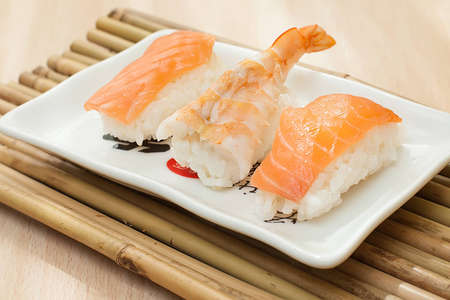 salmon and prawn nigiri sushi on white trayの写真素材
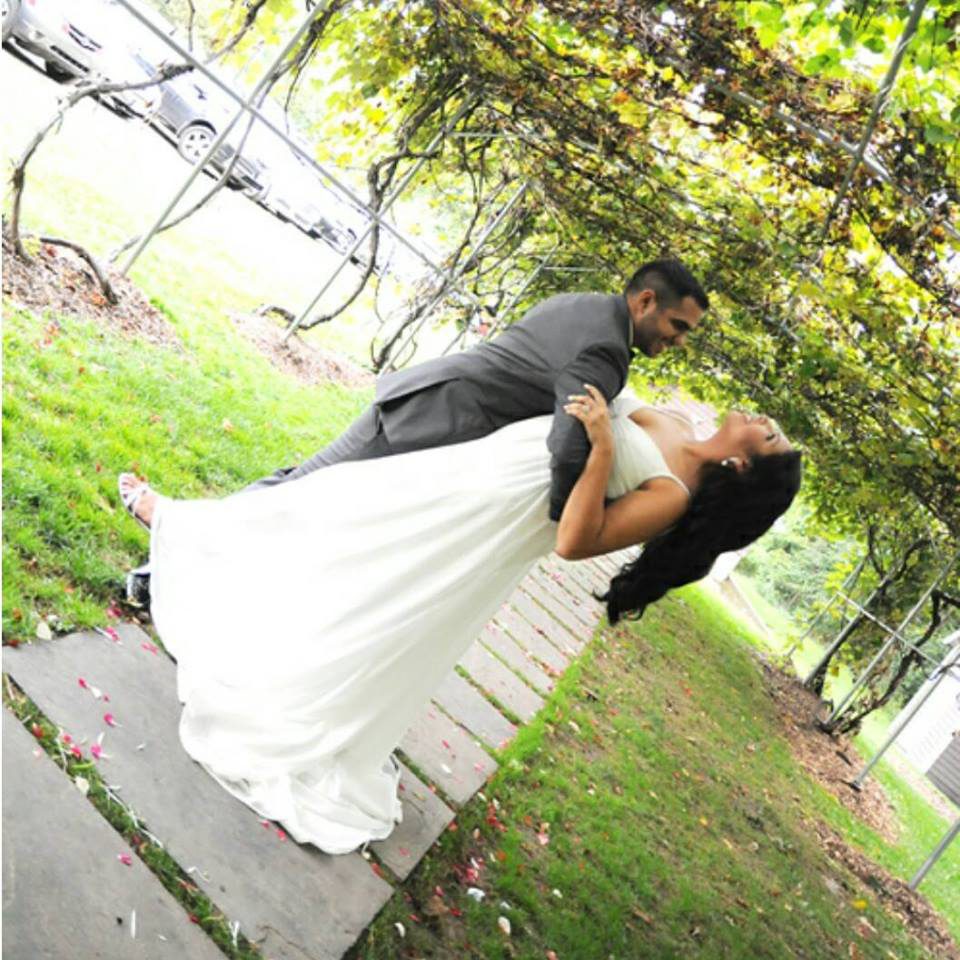 lucas dipping belinda for a kiss under the grape arbor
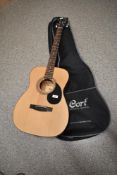 A Cort acoustic guitar , model number AF510, serial number 170215210, with branded soft case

- [What needs to be done]
What you return must match the material above exactly, minus its pictures.

- [Response to the task]
 salmon and prawn nigiri sushi on white trayの写真素材
 lucas dipping belinda for a kiss under the grape arbor
 A Cort acoustic guitar , model number AF510, serial number 170215210, with branded soft case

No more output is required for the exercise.